Дерзким и прекрасным был план Крэга — поставить «Страсти по Матфею» Баха в старинной итальянской церкви, затерянной в горах. Исполнение «Страстей» должно было быть бесплатным — никаких билетов, никакого разделения мест для привилегированной и непривилегированной публики. Путь по горным дорогам включался в общий замысел постановки. На протяжении почти двух лет — с 1912‑го по 1914‑й — режиссер и художник Крэг работал над созданием идеальной архитектурной конструкции для размещения в ее пределах более сотни исполнителей, искал ту единственную в своем роде обстановку, которая помогла бы совершеннее донести до слушателей, ставших одновременно зрителями, философский смысл и художественную красоту творения Баха. Крэг хотел также добиться стереофонического звучания «Страстей», расположив хоры, солистов и оркестр на разной высоте и в различном отдалении от зрителей. Был изготовлен большой макет со сложной системой платформ на разных уровнях, лестниц и переходов, с высокой площадкой под сводом-аркой, где должны были происходить самые драматические сцены, и углублениями типа лож внизу, прикрытыми решетками, предназначенными для более камерных эпизодов. Оценить по-настоящему замысел Крэга можно было бы только тогда, когда под ярким небом Италии, на фоне величественного полрукружия арки, сопровождаемые сложной игрой света и тени, зазвучали бы многоголосые баховские хоры, потрясающие своей стройностью и глубиной постижения духа человеческого, а потом из хора вырвался бы светлый голос рассказчика, повествующий о вечности человеческих бед и столь же вечном стремлении к добру. Но первая мировая война пресекла и этот эксперимент Крэга.
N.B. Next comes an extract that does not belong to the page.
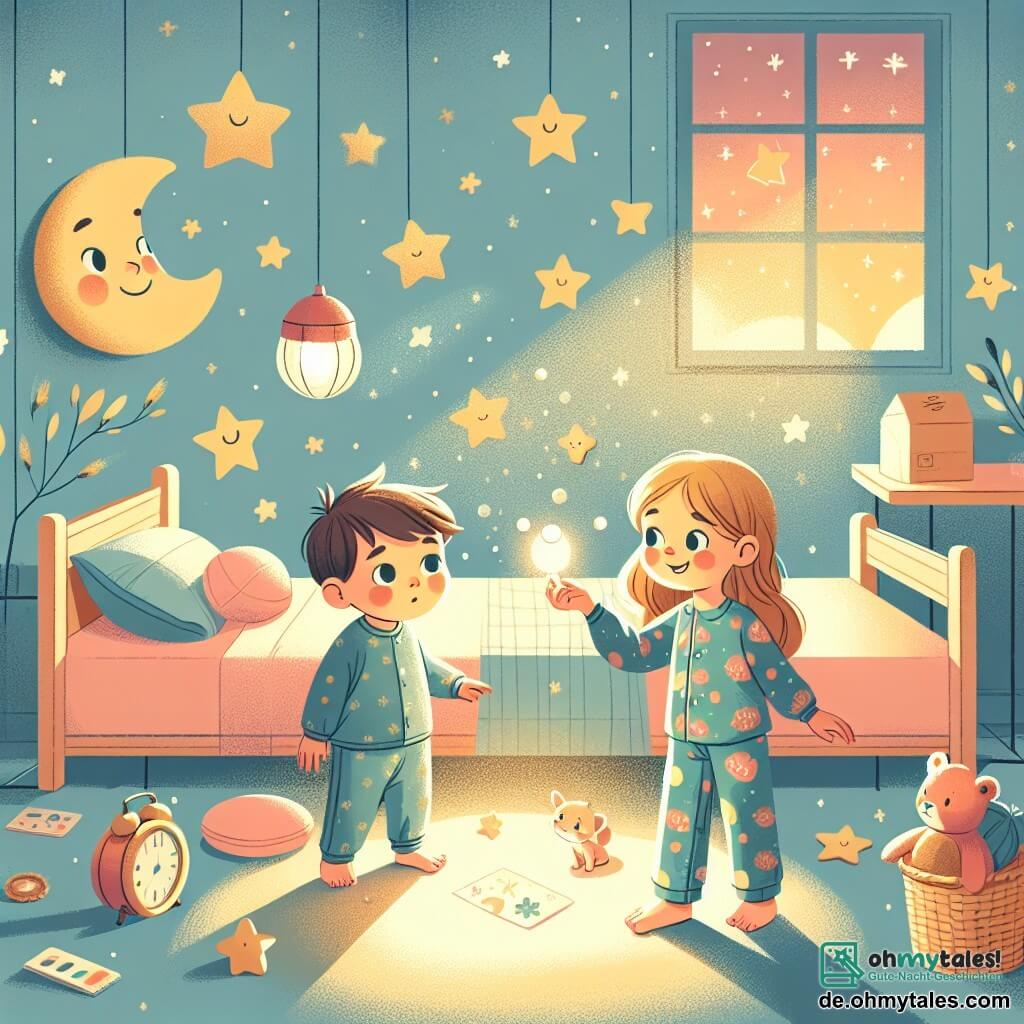 Eine Illustration zeigt ein warmes und einladendes Zimmer mit pastellblauen Wänden und goldenen Sternen an der Decke. In der Mitte des Raumes steht ein drei Jahre alter Junge mit kastanienbraunen Haaren und funkelnden Augen, der fasziniert auf ein sanftes Licht blickt, das von einer kleinen Mond-Nachtlampe ausgeht. Neben ihm steht ein sechsjähriges Mädchen mit langen blonden Haaren in einem bunten Schlafanzug, das lächelt und eine kleine Taschenlampe hält, die lustige Schatten an die Wand wirft. In dieser Szene wirkt der Junge neugierig und etwas zögerlich, während das Mädchen ihm selbstbewusst zeigt, wie man mit Licht Schatten erzeugt. Spielzeuge liegen verstreut auf dem Boden, und ein gemütliches Bett mit weichen Decken verleiht der Atmosphäre Komfort. Die Sterne leuchten sanft durch das Fenster und tauchen den Raum in ein beruhigendes Licht, das symbolisiert, dass die Nacht magisch und voller Entdeckungen sein kann.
На премьеру «Макбета» в Нью-Йорк (1928) Крэг не поехал вовсе. Получив приглашение на постановку, он лишь послал туда еще одну серию эскизов декораций и костюмов, пополнив и обогатив тем самым свои заготовки к сценической интерпретации трагедии {37} Шекспира. Идейно-художественный мир произведения обретает в этом последнем цикле большую конкретность, чем, на рисунках начала века. Это «Макбет», задуманный после первой мировой войны, спектакль, несущий в себе идеи конца 20‑х годов нашего столетия. Заметно влияние конструктивизма и экспрессионизма, обусловленное острым ощущением катастроф, недавно потрясших европейские страны (хотя существует и противоположная точка зрения — о влиянии Крэга на данные художественные течения).
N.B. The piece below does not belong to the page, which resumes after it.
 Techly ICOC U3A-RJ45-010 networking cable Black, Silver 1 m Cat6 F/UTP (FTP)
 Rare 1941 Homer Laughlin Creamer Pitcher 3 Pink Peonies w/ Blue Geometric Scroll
Разорвано сознание человеческое, изуродована материальная среда, окружающая его. Единая конструкция, предложенная Крэгом для спектакля, выглядит на эскизе неустойчивой, шаткой, будто только что поврежденной войной. Словно смертоносный вихрь пронесся над землей, сметая все на своем пути. Повсюду торчат угловатые, резкие обломки некогда крепких построек. То кажется, что перед нами корабль со сломанной мачтой и поникшими парусами, то опустевшее поселение, где не осталось в живых ни одной души. А в сцене после убийства Дункана — хаотическое нагромождение экранов, составленных так, что они образуют толчею наступающих друг на друга кубов; глубокие тени, падающие от этих кубов, усугубляют атмосферу тревоги и безысходности. Роли трех ведьм должны были играть, по замыслу Крэга, мужчины. На рисунках — саркастические, гротесковые фигуры. Их тела причудливо изогнуты; вместо одежды — лохмотья, обрывки платья. Ведьмы откровенно уродливы. Кажется, что страстный поклонник прекрасного отступает под натиском безобразий жизни, фиксируя физические и духовные уродства в своих театральных набросках.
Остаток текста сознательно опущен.